"No child left behind!" (Kein Kind zurücklassen - KeKiz)
Poverty of families became a focus of political attention in the recent years. Apart from material deprivation, poverty typically involves the risk of general social disadvantages which oftentimes lead to an impairment of chances for both a successful adolescence and the social inclusion of children. This may lead to difficulties in the upbringing of these children as well as to disadvantages in education, thus hindering successful graduation from school and access to gainful employment. Life-long dependecy on social assistance benefits may be the consequence. Constitutional provisions, however, demand for the breaking of such cycles. The state is obliged to offer access to education, health and social participation for every child, irrespective of its social background, in order to ensure successful adolescence.
The prevention of and the fighting against poverty has traditionally been the responsibility of the municipalities. However, they are currently facing considerable financial difficulties and multiple social problems. Yet, recent experience showed the success of preventive local structures, even though this success depends on various conditions ranging from incentives for families to use such services, the commitment of the competent authorities, to adequate financial resources.

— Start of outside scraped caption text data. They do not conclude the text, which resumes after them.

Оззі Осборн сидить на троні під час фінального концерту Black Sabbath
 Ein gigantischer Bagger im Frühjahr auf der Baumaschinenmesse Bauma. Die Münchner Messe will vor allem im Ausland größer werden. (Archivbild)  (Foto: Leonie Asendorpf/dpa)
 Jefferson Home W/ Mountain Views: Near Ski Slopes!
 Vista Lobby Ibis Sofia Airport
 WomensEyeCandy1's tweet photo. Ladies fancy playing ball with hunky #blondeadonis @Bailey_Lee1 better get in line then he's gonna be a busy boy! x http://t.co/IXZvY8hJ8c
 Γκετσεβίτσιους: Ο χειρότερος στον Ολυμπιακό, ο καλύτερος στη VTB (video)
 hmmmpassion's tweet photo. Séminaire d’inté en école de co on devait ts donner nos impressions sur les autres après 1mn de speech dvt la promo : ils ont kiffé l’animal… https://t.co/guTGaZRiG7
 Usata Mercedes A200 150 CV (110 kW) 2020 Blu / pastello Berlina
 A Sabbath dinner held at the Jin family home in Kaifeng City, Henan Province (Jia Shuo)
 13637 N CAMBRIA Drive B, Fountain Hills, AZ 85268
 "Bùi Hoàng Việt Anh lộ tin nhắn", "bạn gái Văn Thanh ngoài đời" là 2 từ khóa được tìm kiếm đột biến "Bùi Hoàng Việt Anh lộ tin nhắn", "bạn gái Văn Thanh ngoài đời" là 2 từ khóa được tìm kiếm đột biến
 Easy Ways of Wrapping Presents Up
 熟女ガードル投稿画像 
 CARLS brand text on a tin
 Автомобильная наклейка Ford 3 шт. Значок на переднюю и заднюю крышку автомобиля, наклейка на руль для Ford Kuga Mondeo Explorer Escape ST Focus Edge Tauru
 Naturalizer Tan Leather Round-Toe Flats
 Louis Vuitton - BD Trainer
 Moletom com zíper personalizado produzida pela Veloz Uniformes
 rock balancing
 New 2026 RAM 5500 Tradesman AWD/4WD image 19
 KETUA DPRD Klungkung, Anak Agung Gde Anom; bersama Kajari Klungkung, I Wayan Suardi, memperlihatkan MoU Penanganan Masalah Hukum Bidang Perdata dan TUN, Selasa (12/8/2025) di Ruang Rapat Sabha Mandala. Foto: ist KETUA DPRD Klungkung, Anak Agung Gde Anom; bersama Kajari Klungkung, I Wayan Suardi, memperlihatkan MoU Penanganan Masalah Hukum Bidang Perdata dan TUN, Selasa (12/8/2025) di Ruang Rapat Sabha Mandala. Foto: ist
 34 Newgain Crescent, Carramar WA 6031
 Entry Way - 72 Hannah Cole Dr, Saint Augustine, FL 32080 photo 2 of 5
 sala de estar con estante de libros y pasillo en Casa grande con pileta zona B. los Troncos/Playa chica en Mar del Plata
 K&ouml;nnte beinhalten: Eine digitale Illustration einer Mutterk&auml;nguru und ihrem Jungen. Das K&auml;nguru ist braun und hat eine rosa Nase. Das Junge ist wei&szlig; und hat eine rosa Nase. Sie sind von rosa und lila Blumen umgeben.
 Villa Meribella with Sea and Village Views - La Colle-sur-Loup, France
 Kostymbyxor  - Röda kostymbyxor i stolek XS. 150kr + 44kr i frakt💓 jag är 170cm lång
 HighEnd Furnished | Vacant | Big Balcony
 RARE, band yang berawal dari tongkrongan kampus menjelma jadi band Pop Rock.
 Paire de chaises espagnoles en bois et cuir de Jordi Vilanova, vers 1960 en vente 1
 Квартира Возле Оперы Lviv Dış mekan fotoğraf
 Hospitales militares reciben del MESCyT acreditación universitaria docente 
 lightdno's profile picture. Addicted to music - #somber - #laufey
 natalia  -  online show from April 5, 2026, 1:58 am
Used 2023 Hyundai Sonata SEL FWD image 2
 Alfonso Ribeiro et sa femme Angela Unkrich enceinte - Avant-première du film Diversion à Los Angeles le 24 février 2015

The project "No child left behind! (KeKiz)" has been supporting the development of municipal 'prevention chains' in 40 model municipalities in North-Rhine Westfalia since 2012 in order to improve the chances for a successful adolescence. Prior research examined the legal requirements for bundling support offers and their financing in a common office. The focus was on the legal provisions of joint planning, controlling and financing of preventive services by the various actors involved, in order to ensure more efficiency and better targeting of preventive approaches to local social policy. The present study builds on these results and inquired in the opportunities and limits of a comprehensive, mandatory and effective establishment of 'prevention chains' and the required changes at the constitutional level, including not only fundamental human rights but legislative and administrative competences. Instead of analysing preventive approaches in selected branches of social security - which are currently left solely to the discretion of the competent authorities - the study takes all actors involved in children’s adolescence into account, reaching from educational institutions as well as the health sector to social security agencies. The project focusses on constitutional and federal law and shall establish a proposal de lege ferenda for the legal implementation of an obligatory, comprehensive cooperation among all stakeholders that form the municipal 'prevention chain'.